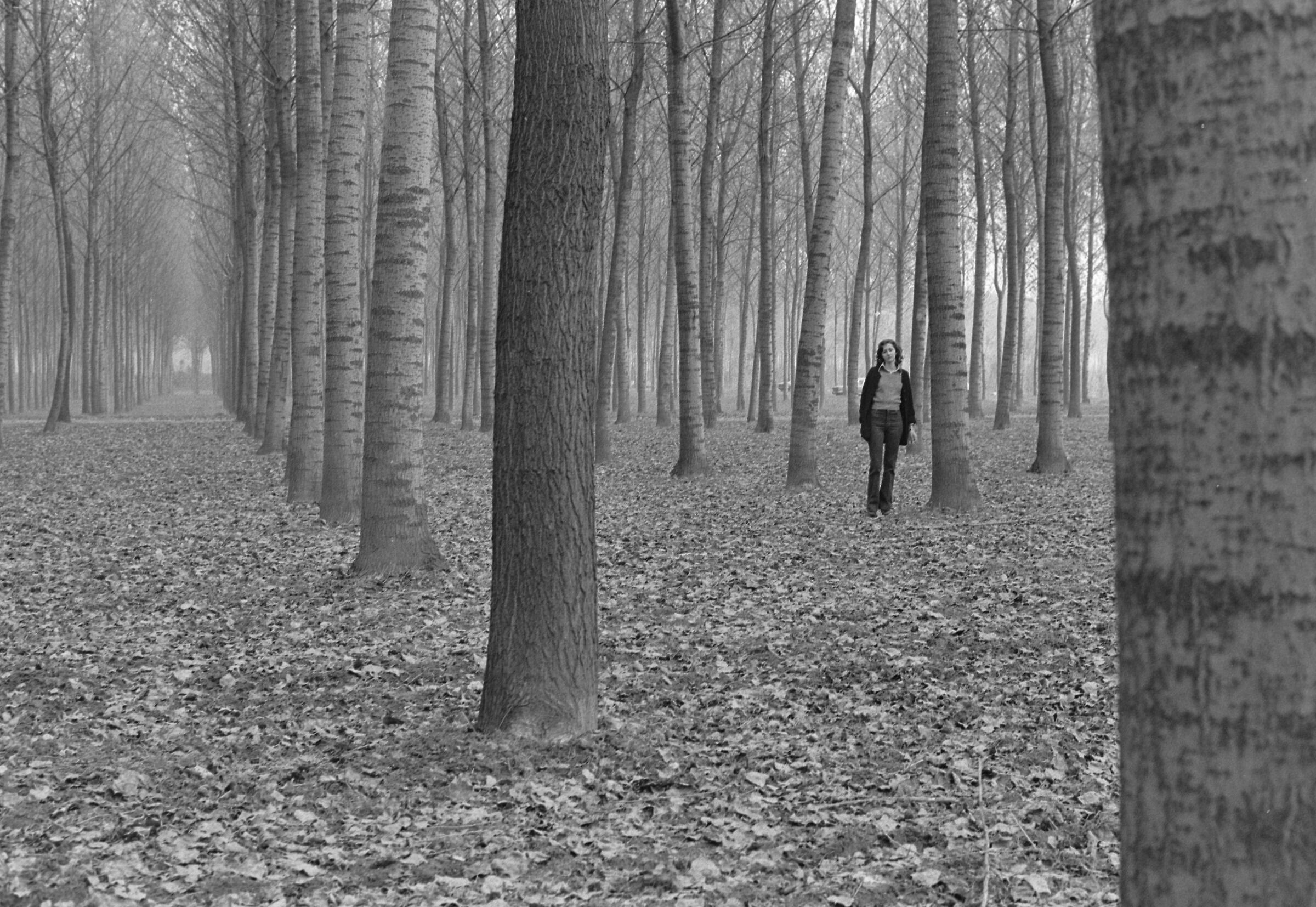 Inverno fra i pioppi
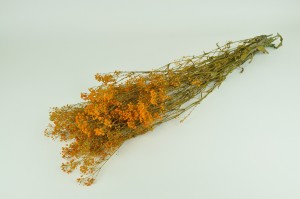 preserved-gypsophila-8.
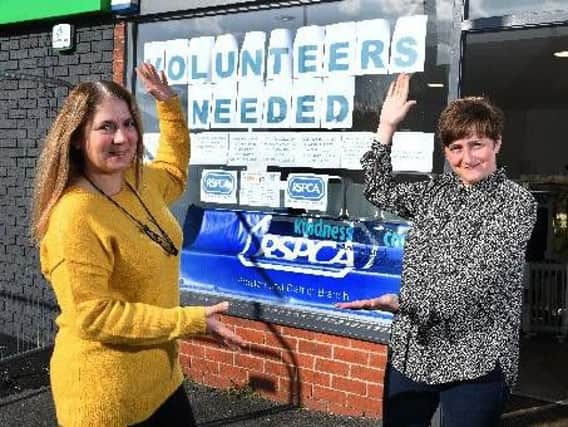 RSPCA managers Deborah Hiorns and Frances Augustinus are looking for volunteers to join them at the new Penwortham branch.
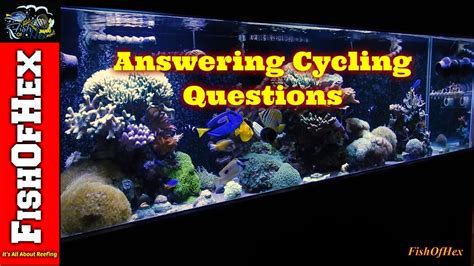 Cycling A Saltwater Aquarium Answering Beginner Questions Part 2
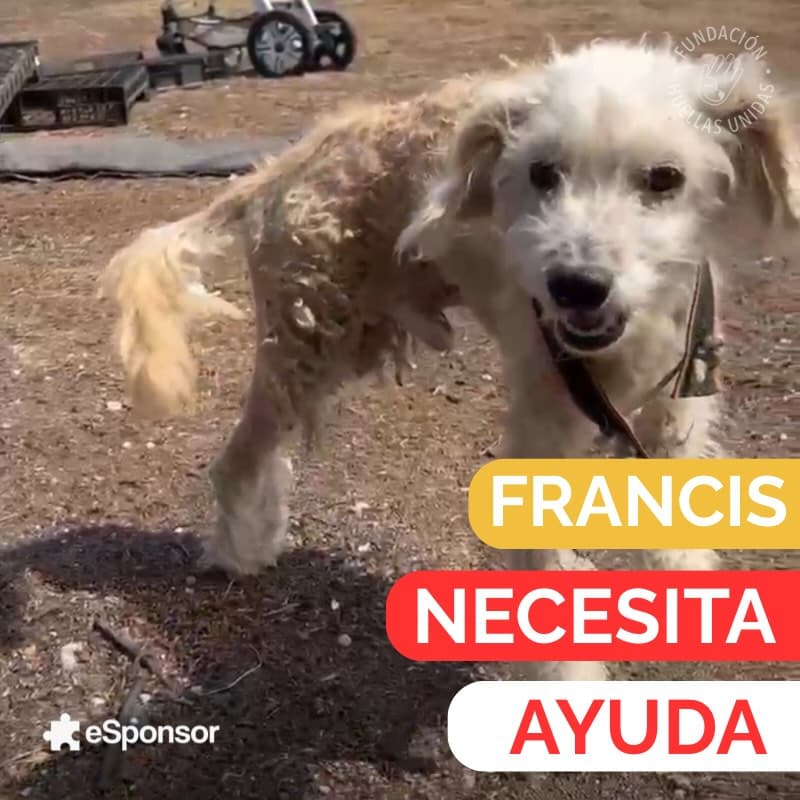 Francis (1/5)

Task goal: What you print must match the entries exactly, except that no pictures appear.

Solution to the problem:
 Inverno fra i pioppi
 preserved-gypsophila-8.
 RSPCA managers Deborah Hiorns and Frances Augustinus are looking for volunteers to join them at the new Penwortham branch.
 Cycling A Saltwater Aquarium Answering Beginner Questions Part 2
 Francis (1/5)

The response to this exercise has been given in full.